In his classic Harvard Business Review article (July-August 1960), Theodore Leavitt asked the question, “What business are you really in?” His idea was that enterprises do better if they focus on meeting their customers’ needs instead of concentrating on selling the products, services, and experiences they currently produce. To illustrate, Leavitt pointed to railroads, arguing that railroad executives had missed this central premise. “The railroads did not stop growing because the need for passenger and freight transportation declined. That grew. The railroads got in trouble not because the need was filled by others (cars, trucks, airplanes, and even telephones), but because it was not filled by the railroads themselves. They let others take customers away from them because they assumed themselves to be in the railroad business rather than in the transportation business.” Since 1960, this idea has been revisited on a regular basis in the Harvard Business Review, most recently by Gallo (August 2016) and is seen as having great relevance in the business world today.

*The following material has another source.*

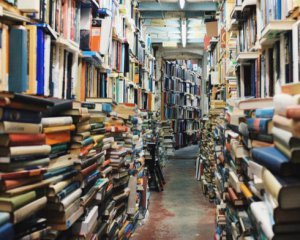 В бюджете-2022 не заложили денег на закупку книг для библиотек - Совсун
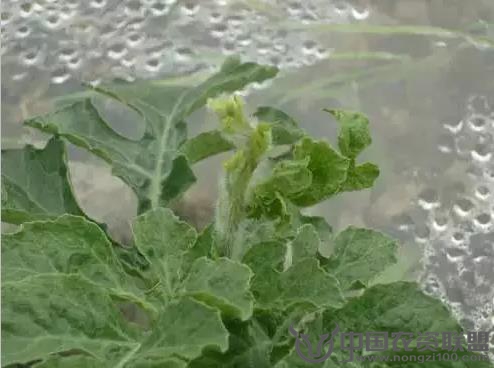 附件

In this blog, we argue that higher education is currently in a position analogous to the railroads. It sees itself as principally serving high school graduates and delivering that education face-to-face. It does not have a broader view of itself as a higher education organization providing learners the academic programs and credentials they need throughout life in curricula that last as much as 60 years and which will be offered in learning modes and at times and places best suited to the learners’ needs. We believe that the institutions that can overcome their myopic view of their markets and transform to meet their customers’ growing learning needs will see significant increases in enrollments and revenues in the years ahead.
In our book, Transforming for Turbulent Times, we describe this 60-year curriculum. In a nutshell, a Knowledge and Learning Ecosystem, portrayed below, is emerging. In this ecosystem, colleges and universities are part of rapidly growing and competitive system. The good news is that there is significant opportunity for them in this new ecosystem. The bad news is that there will be a lot of competition. Learning enterprises that can successfully transform to match the actual needs of the learners they choose to serve will flourish in the coming decade.
What steps should an institution take to define a role for itself in this new ecosystem and to execute the key strategies necessary to realize that role?
· A successful strategic transformation campaign begins with a no-holds-barred situational analysis--one that takes this information and defines a hopeful and compelling institutional vision for the future. In most cases, this vision will need to be more expansive than the visions of the past, actively contemplating a future that includes new programs driven by the needs current learners and new market segments that could be served by an institution with a less myopic vision of itself. Virtually every member of the community needs to be meaningfully involved in these deliberations and have their views heard.
· The situational analysis should both leap forward ten years or so and also describe the current state of collective trauma that exists in most colleges and universities today. A compelling vision of the future, with the promise of hope and growth for individuals and the enterprise, will be necessary to overcome the current state of myopic malaise.
· The institutional community should also understand that transformation will require significant change in processes and personnel that capitalizes on the potential of process reinvention and the new capacities made possible by technology.
· Virtually all institutions will need to partner with a variety of providers, knowledge marketplace facilitators, and employers to provide programming in areas where they do not have capacity but need to serve their students adequately. Many institutions will find that they will need help at first developing partnerships that work both for them and the providers.
· Most institutions will also have to invest in the support and development of their faculty and staff. Transformation on the scale needed will require new infusions of talent and the active development and support of current personnel.
· Institutional leaders will have to spend more time on the orchestration of transformation, ensuring strong execution, necessary changes to the organizational culture, and the human resource support development needed to get the job done.
Institutions that take this less myopic tack to transformation will be radically different than most institutions of higher education today. They will be laser-focused on meeting their students’ learning needs throughout their lives and at times and places that meet their learning requirements no matter where they are located.
Institutions that manage to do this will be hopeful and successful places.